As the USO celebrated their 65th anniversary in 2005, the organization was looking forward by celebrating the past. Although the war and the needs of the troops were different from past wars, the basics the USO provided stayed the same. Each section of the 2005 annual report started with a “then and now” photo comparison. Through pictures it showed that even though the faces, the uniforms and the places changed, their needs didn’t; they still appreciated the use of USO centers while traveling with free food and drink, mobile canteens provided the same goodness and the troops always found respite and rejuvenation in entertainers that came to visit and perform. (Click the images below to see the images much larger.)

The theme of the 2005 annual report focused on memorabilia. After photographing the USO’s collection (boxes and boxes of stuff) they became the main imagery throughout the book.

Rich Park, our Creative Director, is known for his clean design. The saying “he isn’t afraid of white space” doesn’t even apply – he thinks white space is key and encouraged it throughout the 2008 annual report. With so much for the USO to report on, he wanted clear and emotional pictures to be the anchors of the book. Like in 2005, we took crisp and close-up photos of “things” that represented the USO’s service to the troops.

By 2009, the US was at the height of war. And the sacrifices of our troops were becoming ever clearer. That is why we encouraged the USO to move away from the typical “report” and instead let the troops tell the story of the USO in their own words. Each story was personal and accompanied by a close up of each storyteller. It’s almost as if the words jump off the page.

Needless to say, when asked, we had a lot of pointers for effective, engaging and beautiful Annual Report design.

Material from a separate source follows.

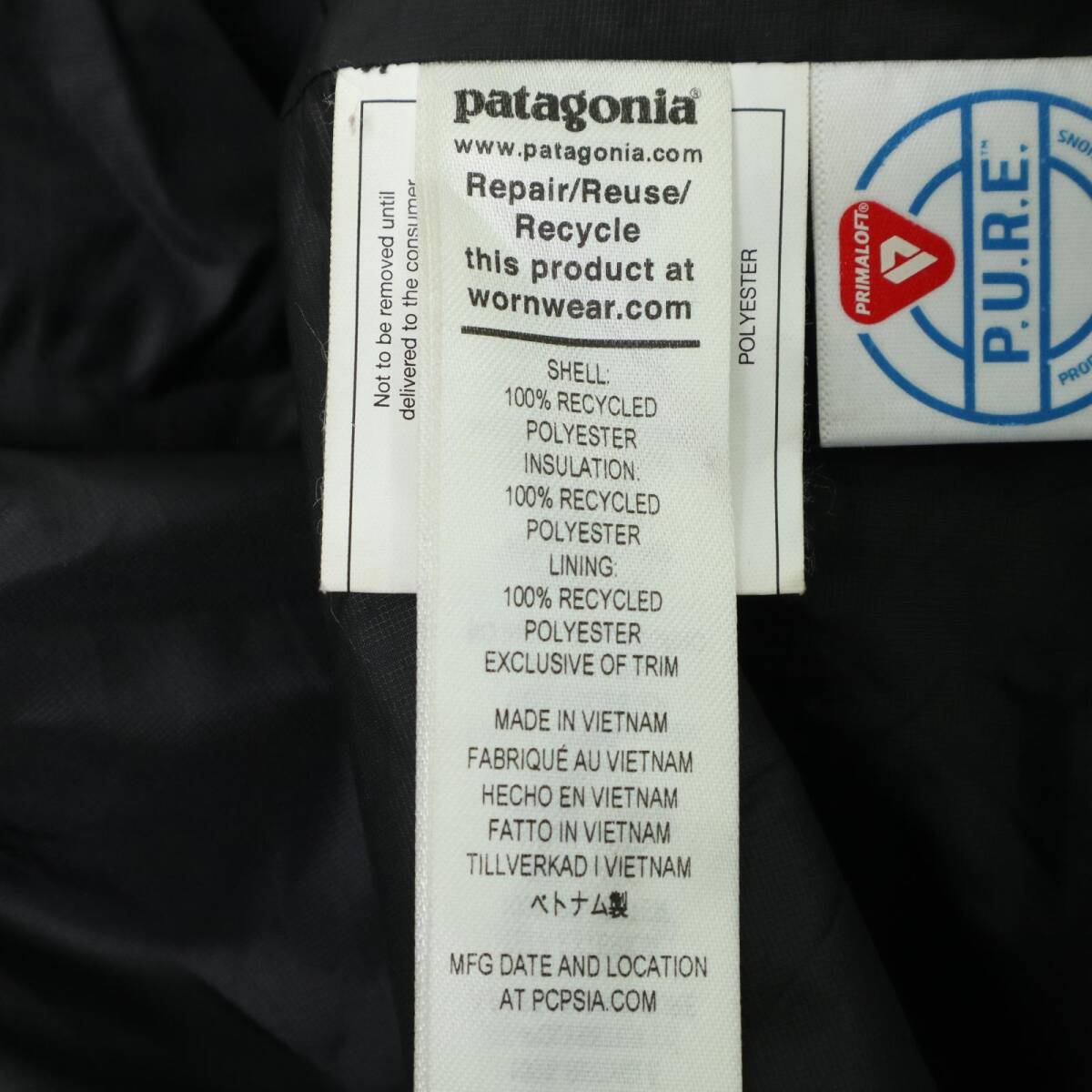 patagonia パタゴニア ナノパフジャケット PRIMALOFT アウトドア ブラック (メンズ M) 中古 古着 A3262_画像5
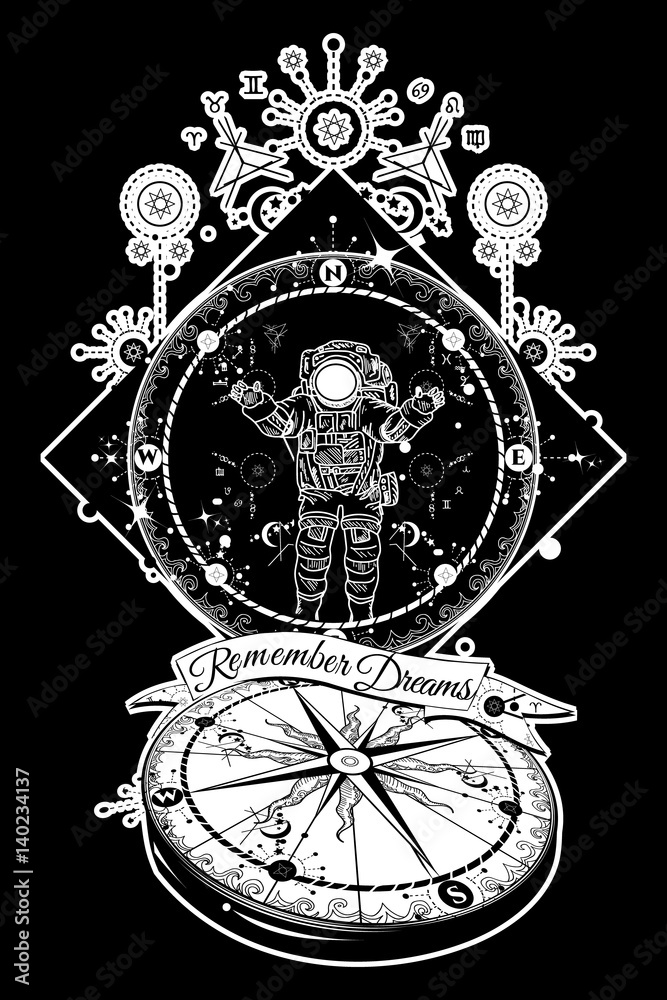 Astronaut in deep space tattoo. Travel in boundless universe. Mysticism, spirituality, astrology tattoo art. Magical symbols traveler, dreamer, adventure, meditation. Surrealist travel compass tattoo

You can download a full list of tips and explanations. Click here for the 2-page PDF download. Here’s the top 10:

  1. Consider all types of readers
  2. Tell your story
  3. Cut down your content
  4. Use Emotion
  5. Invest in good imagery
  6. Don’t be afraid of white space
  7. Ditch the table of contents
  8. Don’t print
  9. Turn numbers into graphics
  10. Avoid standard layouts

We also identified some of examples of our best practices and included them in our white paper. Be sure to check out our top 3:

  1. The Silkroad Project: Definitely not your run-of-the-mill annual report. Displayed as an e-brochure, it communicates what they’ve been up to using embedded YouTube videos, a photo slideshow, pop-up quotes and an interactive timeline.
  2. Volunteer Match: A simple, yet first-of-its-kind, annual report in Prezi.
  3. Austin Children’s Shelter: I love when brands connected with youth express it through design.